Puis les convexités finissent par se rejoindre.
Un matin, un lézard touillant son café, ou un dinosaure flânant par ici, les pattes dans les revers de sa salopette, se dit « y a un truc là ! Hier j'allais au Jurassic Wal Mart, ce trou-là n’y était pas !! » et pour s’assurer vient en tâter les bords du bout de ses griffes.
Une petite fenêtre a fini par se percer où vient siffler le vent.
Le reste est encore affaire de long temps, mais le plus gros est fait.
Pourtant, même juchées sur leur sommet, les arches ont la pudeur des chochottes ou bien la certitude que leur sauvage beauté doit rester confidentielle, à préserver.
Si bien qu’elles n’offrent leur meilleur profil qu’après avoir marché parfois longuement sur des pistes bien aménagées.
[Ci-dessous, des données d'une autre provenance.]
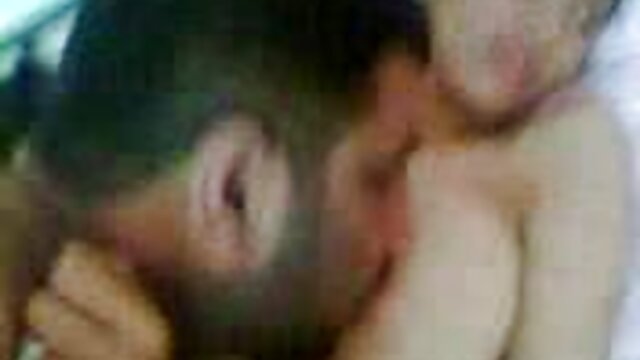Ella esta ansiosa por lesbianas perreando su papi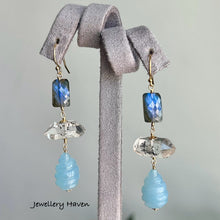Cargar imagen en el visor de la galería, Icy blue aquamarine tier drop earrings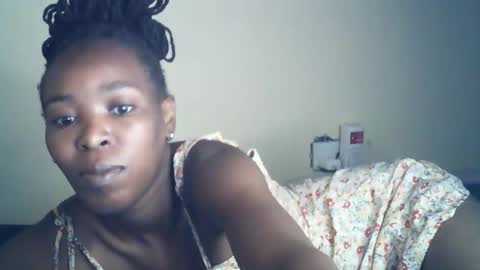 Snapshot of sexxy_curvy23 chatting on 05/03/26, 01:44 sexxy_curvy23 online show from 05/03/26, 01:44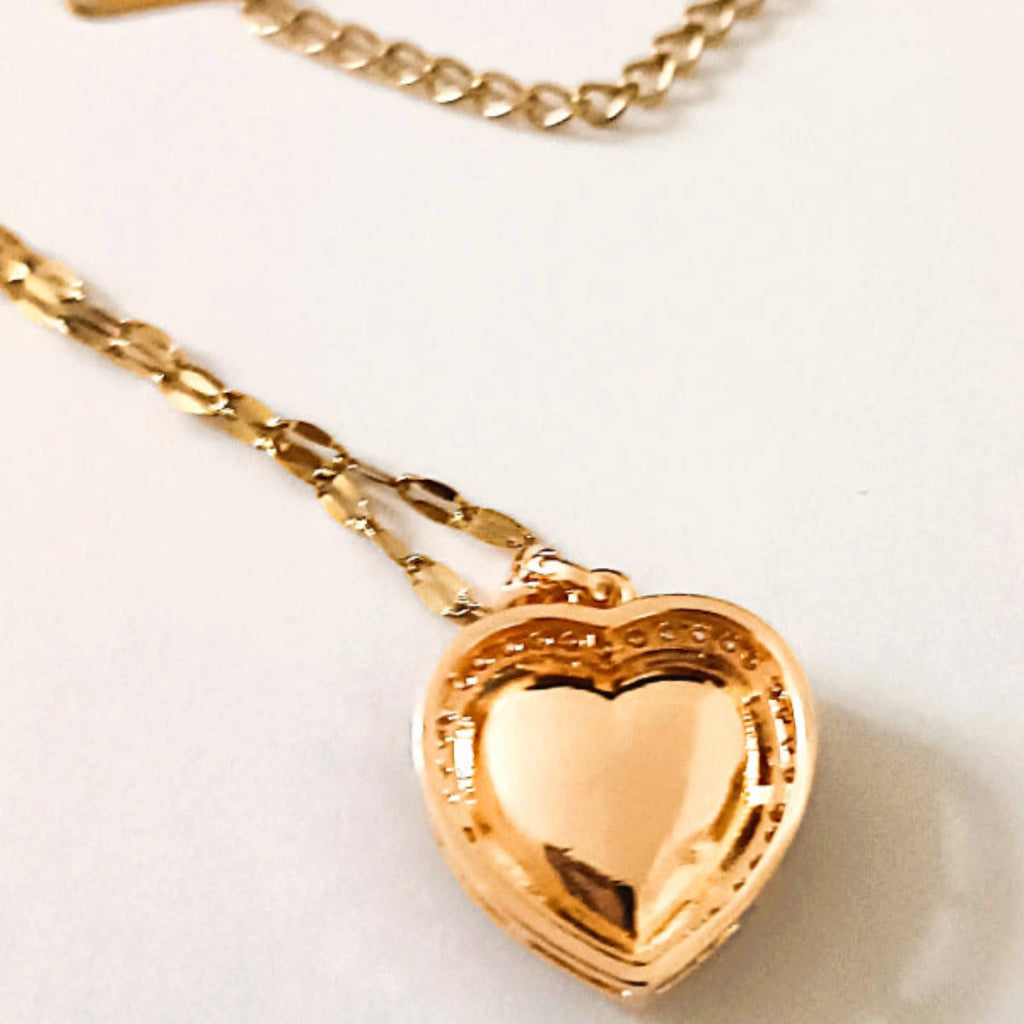 Collier "Cœur Royal" – Acier Inoxydable & Zirconium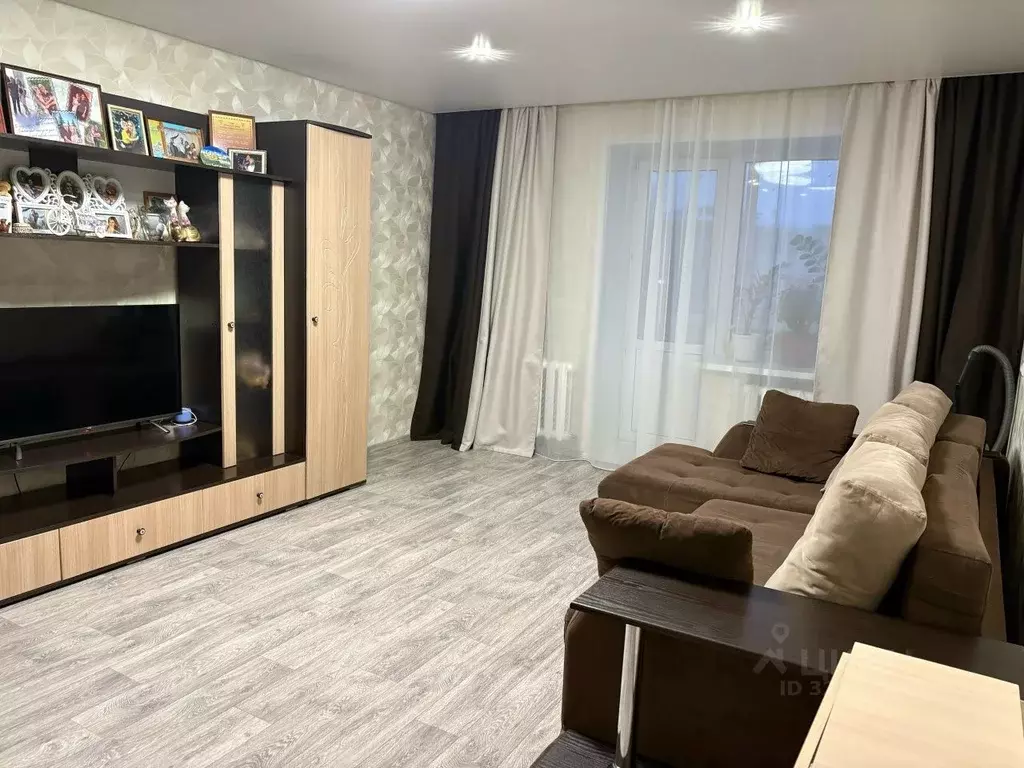 2-к кв. Ярославская область, Рыбинск ул. 50 лет ВЛКСМ, 54 (50.7 м) - Фото 1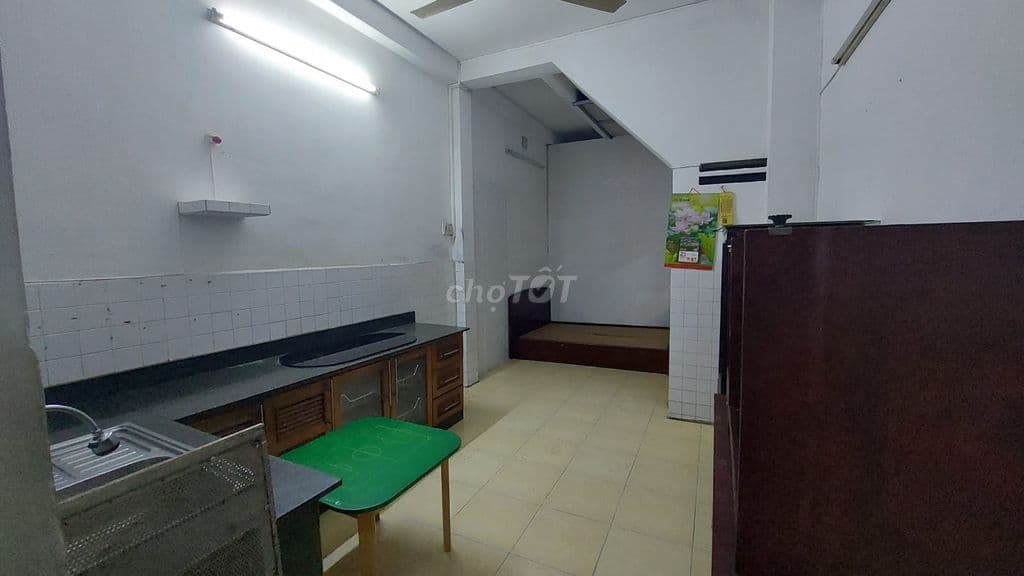 PHÒNG BAN CÔNG THOÁNG FULL NỘI THẤT - GẦN CHỢ TÂN ĐỊNH Q1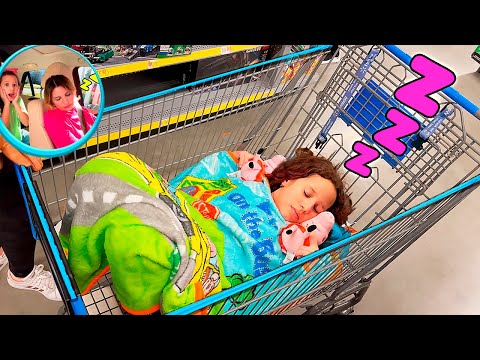 Valentina Adormecida em um supermercado ShoppingTrolley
Alors, c’est un grand concours.
Chacune des arches ainsi formée veut faire mieux que sa voisine, ici en court tunnel, ailleurs en pont multiple, ou bien isolée sur une immense plateforme rocheuse, ou encore s’associant à une arche voisine jumelle, ou bien encore jetant un immense et très fin arc rocheux d’une remarquable élégance.
La voûte de certaines autres a cependant déjà chu ; il n’en reste que l’ébauche de troncature de part et d’autre (si l'on en croit les spécialistes).
Ailleurs, un rocher fou de quelque 3500 tonnes et de 17 m de haut, le "Balanced Rock", reste en équilibre fragile sur un haut pilier naturel (39 m -17 m = 22 m de haut) qui s’essouffle sans fin à jouer les cariatides.
Un couple de deux jeunes alpinistes est grimpé presque au sommet d’un autre rocher vertical voisin , impressionnant les visiteurs environnants.
Ailleurs encore, de hautes et minces crêtes de roche ocre, comme juxtaposées sur le sol, forment un étroit défilé en gros millefeuille vertical.
Le fond est de sable fin et roux qui pénètre partout et rend aussi glissant certains passages sur la roche sèche et pentue.
Ce millefeuille rocheux recèle une autre arche, étonnante et somptueuse de reflets dorés, sur une pente de sable épais.
Elle semble formée comme le recouvrement protecteur des doigts des deux mains opposées, ou le bécot de deux monstres marins figés.